William Schwartz was born in 1896 in Smorgon, then a part of the Russian Empire. Schwartz attended the Vilna Art School when he was thirteen years old and studied there for four years before immigrating to the United States. After moving to the states, he enrolled in the School of the Art Institute of Chicago, where he studied fine arts. He supported himself through school with a successful career in music, as well as various other small jobs.
Following his graduation, Schwartz briefly pursued a career as an opera singer before returning to painting. He successfully debuted at the annual show of Artists of Chicago and Vicinity.
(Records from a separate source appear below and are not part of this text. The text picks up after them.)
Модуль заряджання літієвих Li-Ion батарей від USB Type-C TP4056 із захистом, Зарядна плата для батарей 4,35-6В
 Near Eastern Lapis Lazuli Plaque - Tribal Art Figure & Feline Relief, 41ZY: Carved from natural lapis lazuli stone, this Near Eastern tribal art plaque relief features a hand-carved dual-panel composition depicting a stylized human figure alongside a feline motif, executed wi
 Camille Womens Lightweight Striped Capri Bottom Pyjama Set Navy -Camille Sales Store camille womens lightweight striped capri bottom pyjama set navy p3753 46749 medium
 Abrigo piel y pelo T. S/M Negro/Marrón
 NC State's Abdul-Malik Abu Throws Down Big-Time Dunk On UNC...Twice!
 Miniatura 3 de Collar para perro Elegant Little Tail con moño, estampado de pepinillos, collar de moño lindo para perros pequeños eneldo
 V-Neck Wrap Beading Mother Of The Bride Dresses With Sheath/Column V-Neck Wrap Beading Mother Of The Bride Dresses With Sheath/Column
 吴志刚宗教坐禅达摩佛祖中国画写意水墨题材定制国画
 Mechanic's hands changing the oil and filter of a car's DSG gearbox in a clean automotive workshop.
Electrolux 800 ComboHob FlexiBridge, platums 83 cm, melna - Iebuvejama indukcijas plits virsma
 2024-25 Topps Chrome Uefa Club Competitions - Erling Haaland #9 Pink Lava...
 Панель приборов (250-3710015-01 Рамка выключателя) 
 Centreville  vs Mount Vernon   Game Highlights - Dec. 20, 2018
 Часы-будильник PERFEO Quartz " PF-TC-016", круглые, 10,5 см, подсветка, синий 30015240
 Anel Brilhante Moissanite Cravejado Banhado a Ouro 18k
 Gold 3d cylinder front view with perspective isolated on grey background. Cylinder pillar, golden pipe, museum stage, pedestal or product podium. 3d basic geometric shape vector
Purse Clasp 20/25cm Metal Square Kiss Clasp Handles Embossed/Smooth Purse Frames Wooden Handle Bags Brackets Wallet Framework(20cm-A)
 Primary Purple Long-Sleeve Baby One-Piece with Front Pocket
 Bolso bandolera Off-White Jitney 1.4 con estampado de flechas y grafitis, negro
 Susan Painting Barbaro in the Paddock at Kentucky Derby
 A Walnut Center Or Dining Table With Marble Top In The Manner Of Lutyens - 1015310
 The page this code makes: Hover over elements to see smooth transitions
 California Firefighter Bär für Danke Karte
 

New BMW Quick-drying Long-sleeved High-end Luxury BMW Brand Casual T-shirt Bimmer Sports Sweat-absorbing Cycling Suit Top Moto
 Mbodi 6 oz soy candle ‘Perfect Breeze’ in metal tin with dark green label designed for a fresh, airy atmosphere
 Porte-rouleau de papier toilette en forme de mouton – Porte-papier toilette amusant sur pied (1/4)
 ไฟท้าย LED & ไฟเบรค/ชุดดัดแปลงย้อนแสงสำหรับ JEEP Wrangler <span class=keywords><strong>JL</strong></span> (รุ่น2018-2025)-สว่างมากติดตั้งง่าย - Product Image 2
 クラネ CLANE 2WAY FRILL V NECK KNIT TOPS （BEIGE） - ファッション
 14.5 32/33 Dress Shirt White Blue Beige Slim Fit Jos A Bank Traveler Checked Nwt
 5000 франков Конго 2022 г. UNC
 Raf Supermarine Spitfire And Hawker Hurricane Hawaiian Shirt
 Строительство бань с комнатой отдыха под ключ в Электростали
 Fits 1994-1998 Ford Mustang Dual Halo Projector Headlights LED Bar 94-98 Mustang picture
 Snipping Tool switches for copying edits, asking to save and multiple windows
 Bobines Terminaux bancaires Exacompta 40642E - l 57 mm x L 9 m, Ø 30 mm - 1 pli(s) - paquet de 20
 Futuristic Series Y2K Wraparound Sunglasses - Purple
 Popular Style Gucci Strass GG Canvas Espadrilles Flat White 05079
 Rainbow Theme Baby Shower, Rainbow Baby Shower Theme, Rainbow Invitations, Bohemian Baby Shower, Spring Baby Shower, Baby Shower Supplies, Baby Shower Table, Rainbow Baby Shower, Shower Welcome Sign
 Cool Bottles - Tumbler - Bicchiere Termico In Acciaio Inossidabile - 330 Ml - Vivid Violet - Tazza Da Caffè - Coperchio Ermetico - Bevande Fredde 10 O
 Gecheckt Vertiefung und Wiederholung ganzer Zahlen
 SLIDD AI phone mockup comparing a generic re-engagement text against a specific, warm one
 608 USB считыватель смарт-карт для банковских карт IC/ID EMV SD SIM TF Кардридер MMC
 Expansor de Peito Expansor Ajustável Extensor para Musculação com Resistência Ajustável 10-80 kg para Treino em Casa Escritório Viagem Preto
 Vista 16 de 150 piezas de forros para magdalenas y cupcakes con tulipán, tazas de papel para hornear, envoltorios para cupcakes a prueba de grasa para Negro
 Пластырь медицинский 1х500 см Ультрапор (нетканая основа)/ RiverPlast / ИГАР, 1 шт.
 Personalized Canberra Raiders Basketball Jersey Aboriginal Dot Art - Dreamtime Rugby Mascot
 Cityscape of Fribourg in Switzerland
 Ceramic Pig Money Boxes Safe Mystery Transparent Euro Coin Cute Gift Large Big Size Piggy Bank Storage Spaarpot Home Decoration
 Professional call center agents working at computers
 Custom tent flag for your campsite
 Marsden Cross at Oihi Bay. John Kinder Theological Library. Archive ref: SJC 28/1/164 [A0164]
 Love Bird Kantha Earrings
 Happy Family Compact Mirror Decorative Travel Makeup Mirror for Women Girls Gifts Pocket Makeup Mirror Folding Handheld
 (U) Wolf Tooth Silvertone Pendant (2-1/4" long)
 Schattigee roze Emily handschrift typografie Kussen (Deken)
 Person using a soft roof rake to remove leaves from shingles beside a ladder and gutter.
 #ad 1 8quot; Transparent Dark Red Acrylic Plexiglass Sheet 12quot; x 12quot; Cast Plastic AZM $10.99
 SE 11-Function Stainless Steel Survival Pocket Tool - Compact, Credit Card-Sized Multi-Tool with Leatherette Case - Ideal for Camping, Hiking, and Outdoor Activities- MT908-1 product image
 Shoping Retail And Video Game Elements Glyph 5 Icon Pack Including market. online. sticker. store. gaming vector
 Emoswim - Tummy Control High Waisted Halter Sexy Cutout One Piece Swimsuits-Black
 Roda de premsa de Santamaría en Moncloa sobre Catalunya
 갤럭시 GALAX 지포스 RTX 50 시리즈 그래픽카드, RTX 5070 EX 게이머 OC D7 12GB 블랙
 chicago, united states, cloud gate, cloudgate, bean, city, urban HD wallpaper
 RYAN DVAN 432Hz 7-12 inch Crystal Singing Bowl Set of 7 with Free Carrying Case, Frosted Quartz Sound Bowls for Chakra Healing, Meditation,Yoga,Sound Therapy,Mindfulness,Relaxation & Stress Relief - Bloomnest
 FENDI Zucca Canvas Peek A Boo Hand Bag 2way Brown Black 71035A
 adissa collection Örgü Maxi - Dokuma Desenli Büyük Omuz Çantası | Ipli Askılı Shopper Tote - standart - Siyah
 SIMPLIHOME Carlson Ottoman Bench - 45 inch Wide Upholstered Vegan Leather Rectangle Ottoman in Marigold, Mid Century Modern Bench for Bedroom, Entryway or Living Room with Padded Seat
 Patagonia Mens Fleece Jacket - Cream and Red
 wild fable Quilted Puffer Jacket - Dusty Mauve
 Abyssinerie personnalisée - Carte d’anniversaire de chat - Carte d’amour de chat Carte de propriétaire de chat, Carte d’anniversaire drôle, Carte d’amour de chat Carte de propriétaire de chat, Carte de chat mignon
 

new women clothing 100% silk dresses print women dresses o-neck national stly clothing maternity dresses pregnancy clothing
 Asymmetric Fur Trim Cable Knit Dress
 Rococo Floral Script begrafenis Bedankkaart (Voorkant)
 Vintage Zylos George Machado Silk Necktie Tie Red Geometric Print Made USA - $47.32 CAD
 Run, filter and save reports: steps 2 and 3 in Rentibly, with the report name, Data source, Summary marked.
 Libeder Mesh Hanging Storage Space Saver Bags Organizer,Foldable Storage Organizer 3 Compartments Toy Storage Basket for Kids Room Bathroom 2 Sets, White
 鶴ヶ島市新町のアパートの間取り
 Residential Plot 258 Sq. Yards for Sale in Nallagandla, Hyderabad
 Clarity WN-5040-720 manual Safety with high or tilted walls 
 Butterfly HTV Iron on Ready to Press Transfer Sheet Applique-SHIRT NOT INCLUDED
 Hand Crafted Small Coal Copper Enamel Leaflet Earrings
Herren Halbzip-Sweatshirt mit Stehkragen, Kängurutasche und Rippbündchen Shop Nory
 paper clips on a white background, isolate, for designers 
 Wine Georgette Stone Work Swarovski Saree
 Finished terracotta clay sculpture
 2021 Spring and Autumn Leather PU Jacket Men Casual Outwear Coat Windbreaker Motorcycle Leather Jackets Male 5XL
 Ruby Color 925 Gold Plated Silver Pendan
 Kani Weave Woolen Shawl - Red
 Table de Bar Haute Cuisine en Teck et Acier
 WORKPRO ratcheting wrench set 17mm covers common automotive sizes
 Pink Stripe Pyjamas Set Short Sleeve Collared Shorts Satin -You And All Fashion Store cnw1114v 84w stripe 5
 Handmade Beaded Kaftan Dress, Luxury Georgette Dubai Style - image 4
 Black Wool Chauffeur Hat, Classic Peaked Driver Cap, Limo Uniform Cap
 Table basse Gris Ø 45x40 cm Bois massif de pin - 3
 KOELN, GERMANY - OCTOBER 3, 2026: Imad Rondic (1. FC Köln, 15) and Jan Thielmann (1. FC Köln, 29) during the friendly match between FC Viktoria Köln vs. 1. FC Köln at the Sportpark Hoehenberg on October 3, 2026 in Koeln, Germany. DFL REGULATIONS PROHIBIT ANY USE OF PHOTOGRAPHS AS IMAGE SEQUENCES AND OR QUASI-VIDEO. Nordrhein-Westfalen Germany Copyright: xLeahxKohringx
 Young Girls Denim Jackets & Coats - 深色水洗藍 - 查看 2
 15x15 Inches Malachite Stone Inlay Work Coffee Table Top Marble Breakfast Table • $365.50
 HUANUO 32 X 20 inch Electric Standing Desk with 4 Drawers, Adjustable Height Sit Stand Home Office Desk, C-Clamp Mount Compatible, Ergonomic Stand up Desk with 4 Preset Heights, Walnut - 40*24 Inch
His works have made their way to numerous exhibitions around the world since his debut. His work, which ranged from oil and watercolor to sculpture and lithography, exhibited dream-like symbolism and abstraction, which shocked and perplexed its viewers. Schwartz painted Regionalist work during the Great Depression on the payroll of the Federal Art Project. This included depictions of the countryside and the lifestyle of rural America. In the 1940s, he returned to the influences of European surrealism and painted with great abstraction and biomorphic forms.
Many of his works are included in the permanent collections of the Art Institute of Chicago, San Francisco Museum of Art, Dallas Museum of Art, Pennsylvania Museum of Fine Arts, Philadelphia, and many others. His works have also been displayed at the Museum of Modern Art, the Metropolitan Museum of Art, the Whitney Museum, and numerous other museums and important private collections.